As was noted widely in the professional and
lay press, the Women’s Health Initiative trial was stopped in July
2002 when the study demonstrated no benefit, and possibly an increased
risk, for myocardial infarction and stroke in women taking combined
replacement therapy with estrogen and progestin.
In the current study, an American team followed
24,420 women (average age 65 years) with no history of myocardial
infarction within the past year and 580 women (average age 69 years)
with a recent infarction.
Among women without a recent myocardial infarction,
2,526 were using estrogen alone and 2,088 were using estrogen plus
progestin as replacement therapy. After an average of three years
of follow-up, there were 256 fatal myocardial infarctions and 854
nonfatal infarctions. Current use of estrogen plus progestin was
associated with a 22 percent lower rate of myocardial infarction
compared with the rate among women who did not take hormone replacement
therapy. The infarction rate among women on estrogen alone was 11
percent lower, but this difference was not statistically significant.
Risk estimates did not change significantly after researchers adjusted
for heart disease risk factors, ethnicity, education, and body mass
index.
“Another key finding was that women taking
low or medium doses of estrogen had a lower risk of heart attack,
but women taking high doses did not,” Ferrara noted.
Women on low doses had a 51 percent lower
risk and women on medium doses had a 19 percent lower risk of myocardial
infarction than women who did not take estrogen. High dose estrogen
was associated with a 7 percent increased risk of myocardial infarction.

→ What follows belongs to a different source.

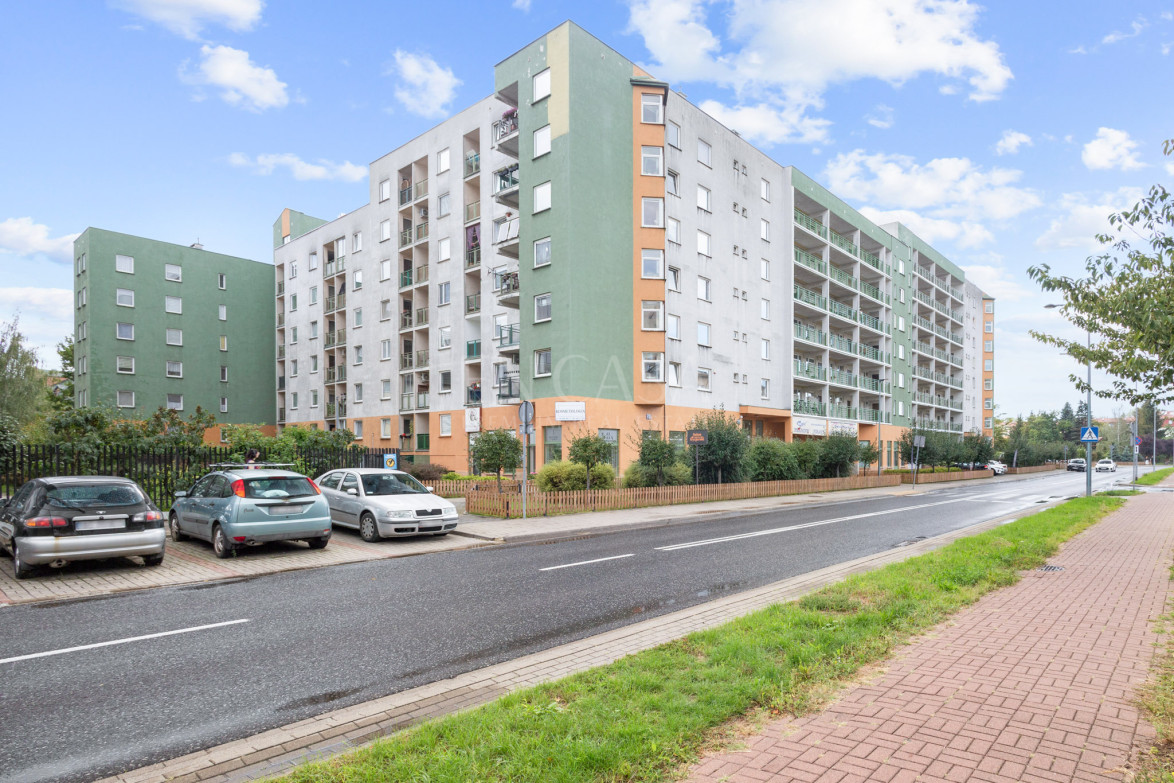 Apartment Sale Warszawa Białołęka Książkowa 11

In addition to differences based on dosage of estrogen, researchers
found that duration of replacement therapy was significant among
women without previous myocardial infarction. Risk of infarction
for women using replacement therapy for less than one year was about
the same as the risk for women who did not use replacement therapy.

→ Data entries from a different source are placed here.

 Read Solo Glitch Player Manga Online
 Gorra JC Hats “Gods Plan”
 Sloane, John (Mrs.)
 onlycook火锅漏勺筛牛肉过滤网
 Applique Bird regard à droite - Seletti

For women on replacement therapy for longer than one year, risk
of myocardial infarction was 19 percent lower than among women who
did not use it.
In the group of 580 women with a recent myocardial
infarction, 15 percent were using hormone replacement therapy at
baseline. After an average follow-up of 2.5 years, women on replacement
therapy had a 78 percent higher risk of recurrent myocardial infarction
than women who did not use hormones. In addition, women who used
replacement therapy for less than one year had nearly a four-fold
increased risk for recurrent infarction than women who did not use
replacement therapy. There was no association between hormone replacement
therapy and risk of recurrent infarction in women who took hormones
for one year or longer.
In an editorial that will appear in the printed
issue of Circulation, David M. Herrington, M.D., notes that this
study illustrates yet another “awkward reality” of clinical research
on hormone replacement therapy.
“Observational studies like this one are likely
to provide an overly optimistic view of the effect of hormone replacement
therapy because they are not well suited to detect early adverse
effects,” he writes. “That is a likely explanation for the difference
between the Ferrara study and Women’s Health Initiative results.”
In the absence of data from randomized
clinical trials involving women with diabetes, the American Heart
Association advises that women should not start or continue combined
hormone replacement therapy to prevent coronary heart disease.